Monday, June 22, 2009
Richard Doster's Crossing the Lines ~ Reviewed
Crossing The Lines
By Richard Doster
Published by David C. Cook
Family man Jack Hall wants nothing more than to be respectable newspaper reporter see a good baseball game now and again, love his wife, and watch his son grow up in their middle-class, white community. Then he finds himself on the fault line where black meets whit in the American South of the late 1950’s.
Still reeling from an explosive confrontation that put his family in jeopardy, Jack takes a job with the Atlanta Constitution and moves his family south. He’s thrilled when he’s introduced to legendary editor Ralph McGill, an outspoken opponent of segregation who promptly sends Jack to Montgomery to investigate reports of a bus boycott.
There Jack meets another man on the fault line: Martin Luther King Jr. Profoundly moved by King’s commitment to Christian philosophy, Jack’s writing begins to reflect a need for racial equality and tolerance that isn’t always well received—even by his own wife.
Once again, historic events sweep Jack—and his idealistic son, Chris—into harms’ way. Will this be the collision that destroys his family forever?
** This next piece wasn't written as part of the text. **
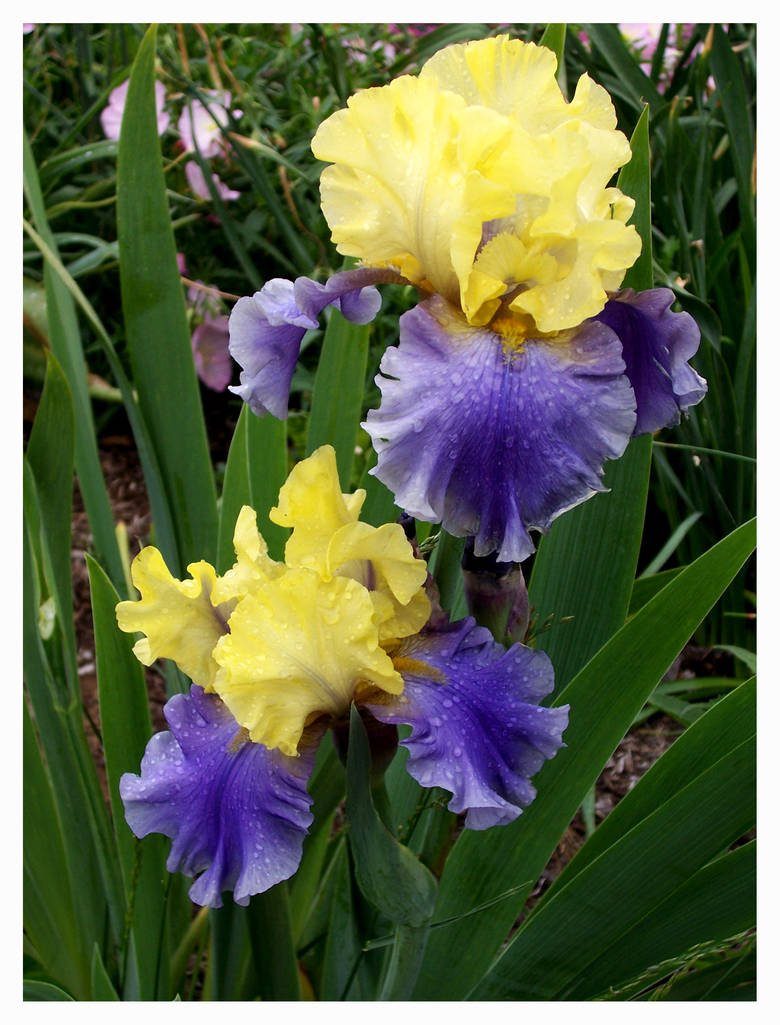 Bi-color Irises by bataleigh on DeviantArt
Richard Doster pens a heartfelt, powerful, thought provoking book that gives a broad view of when things started to forever change in the South. It was as much of a surprise to Martin Luther King, Jr. as it was to the rest of the world when a group voted him to lead a fight of justice, for all! Martin Luther tells a reporter, “There comes a time when people get tired of being plunged across the abyss of humiliation.”
Martin Luther tries to explain that this movement is not about desegregation - it’s about community. “We want the same things. We might come at it from a different direction; might see things from a slightly different angel, but we both want a place were people thrive, where they’re free, where everybody loves his neighbor.” Jack Hall, reporter for the Atlanta Constitution, doesn’t see this happening in a peaceful way—he’s scared to be part any of this movement—what will his neighbors and friends think?
To Jack, Martin Luther King says, “Justice is love correcting that which revolts against love. …. True peace—the kind the Bible talks about—has got to be more than the absence of hostility. It’s got to be the presence of something good. You can’t have peace until you’ve got justice and goodwill and honest-to-goodness brotherhood,” Jack starts to think about life in a new way after hearing Martin Luther’s speeches and his pastor’s sermons. He thinks God just might want to use him to get Martin Luther’s story out to the world.
Richard Doster has a section in the back of the book called “Fact or Fiction,” In it he describes what is real in the book and what he’s changed to help the story along. I found this helpful since I haven’t done an in-depth study of Martin Luther King Jr. or that time period before. I could never understand the hatred people had back then or why everyone was so angry; even the governor was angry enough to bring out the National Guard to stop ‘Negro’ children from entering a white school after a law had been passed to make this legal. Oh, My!! All that I read was mind boggling.
In the “author notes” page of the book, Richard says, “This is a story about how a contented Southerner grows uncomfortable with his region. It is a book about how attitudes—individual and collective—were changed, not only by events, but by the flesh-and-blood humans who transformed the Old South into the new one.” I loved this story and think it’s an important read. The author doesn’t give an account of detailed history that will put you to sleep. Instead Richard centers the story around Jack Hall and his family dynamic, as well as Jack’s relationship with Martin Luther King Jr.
The author used parts of Martin Luther’s speeches and parts from a book Martin Luther King Jr. wrote called Stride Toward Freedom (published in 1958)—along with several resources he mentions in the back of the book. This is one fascinating well-rounded glimpse into how we got closer as a country- a country moving toward the brotherhood that King envisioned. We have a long way to go, but this book tells how Martin Luther King, Jr. helped us as a nation - take one huge step for man kind, in a direction to help us love our neighbor- the way the bible tells us we can.